• [TASK TO COMPLETE] In the material below, pictures must be dropped. Repeat exactly, and only, the lines from the line with "Nebraska 150 Years License Plate 2018" to the line with "Brick & Green", both ends included.

• [INFORMATION GIVEN]
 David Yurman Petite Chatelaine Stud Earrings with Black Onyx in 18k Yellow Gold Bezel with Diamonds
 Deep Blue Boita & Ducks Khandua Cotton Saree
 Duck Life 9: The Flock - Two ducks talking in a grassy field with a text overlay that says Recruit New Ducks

==

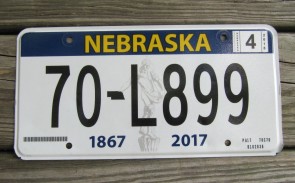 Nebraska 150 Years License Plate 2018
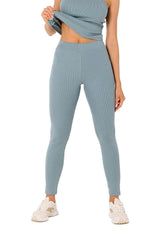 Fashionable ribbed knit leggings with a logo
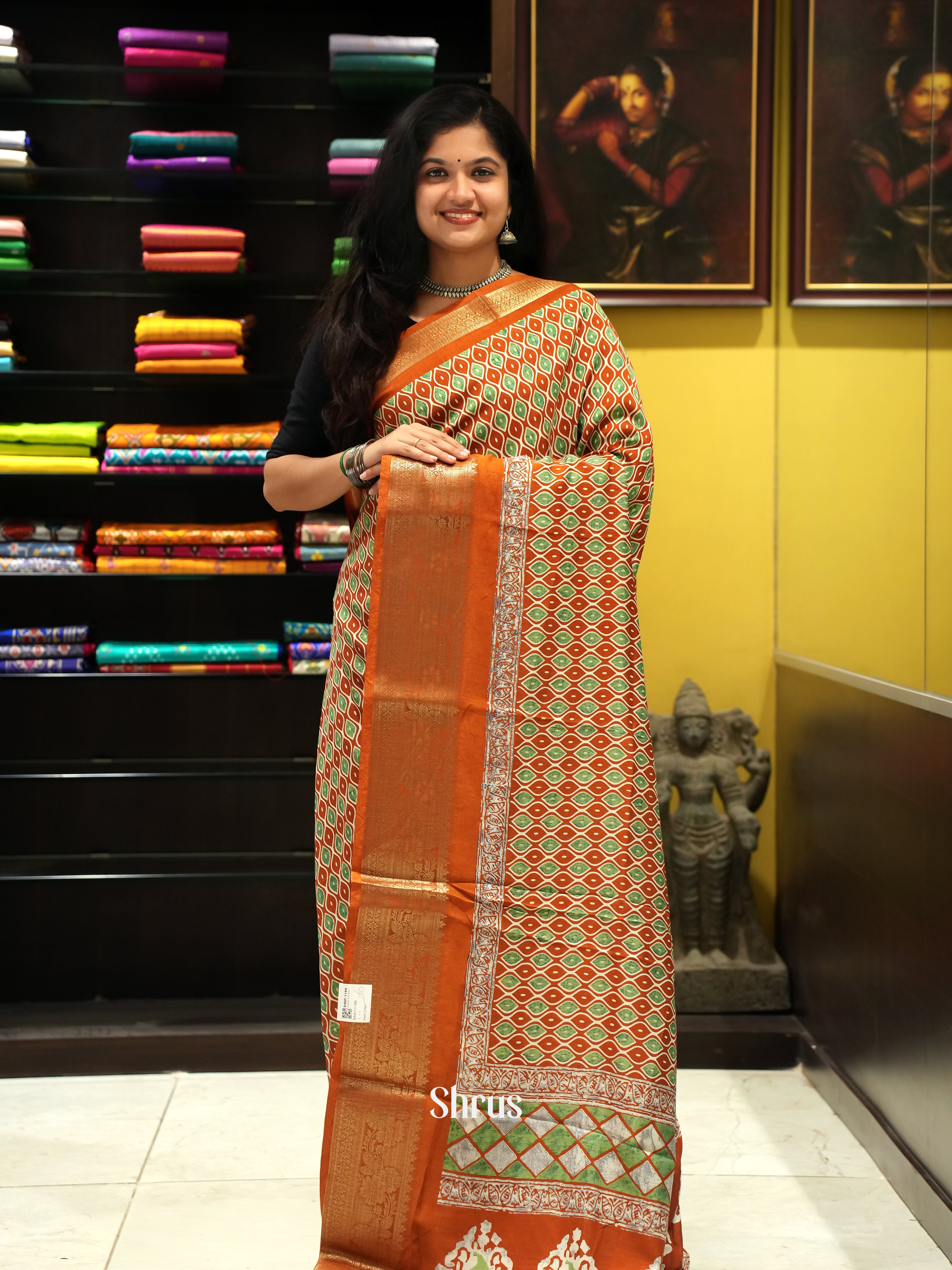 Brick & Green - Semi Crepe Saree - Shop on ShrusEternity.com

• [SOLUTION TO THIS PROBLEM]
 Nebraska 150 Years License Plate 2018
 Fashionable ribbed knit leggings with a logo
 Brick & Green - Semi Crepe Saree - Shop on ShrusEternity.com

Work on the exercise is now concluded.